Three things will prevent an SCR, once triggered, from latching on: insufficient holding current, insufficient voltage across the SCR, and a defective SCR. Since you have already tried increasing the holding current with a 2.2 kΩ resistor without success, I would decrease this resistance further to 1 kΩ to perhaps as low as 100 Ω to see if you can get the SCR to latch. But first I would substitute a brand new SCR and test for latching with just an LED and a current-limiting resistor in the anode circuit... your combination #3 in your post #11.
The first two scenarios, combinations #1 and #2, don't test the SCR. They simply verify the ptm (push-to-make?) switch in parallel with the SCR will light the LED or sound the buzzer.
In the other two scenarios, combinations #3 and #4, the SCR appears to be behaving as a MOSFET or BJT would.

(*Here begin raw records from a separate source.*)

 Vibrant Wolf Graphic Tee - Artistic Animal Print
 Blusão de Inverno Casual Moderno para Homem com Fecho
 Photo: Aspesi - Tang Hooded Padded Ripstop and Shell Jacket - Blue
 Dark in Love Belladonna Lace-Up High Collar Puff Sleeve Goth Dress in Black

I am not aware of a failure mechanism that would cause an SCR to behave this way, but who knows? Try a new SCR. You are also over-driving the gate terminal when the beam is blocked, essentially connecting the gate to 9 V DC through a 10 kΩ resistor, applying roughly 900 μA to a gate rated to turn on at 200 μA with a forward voltage drop of 0.8 V I doubt this would be responsible for damaging the SCR, but again, who knows? Try a new SCR. Maybe drive the gate from a voltage divider to decrease the amount of forward voltage applied to turn the gate on. I am shooting in the dark here. Try a new SCR.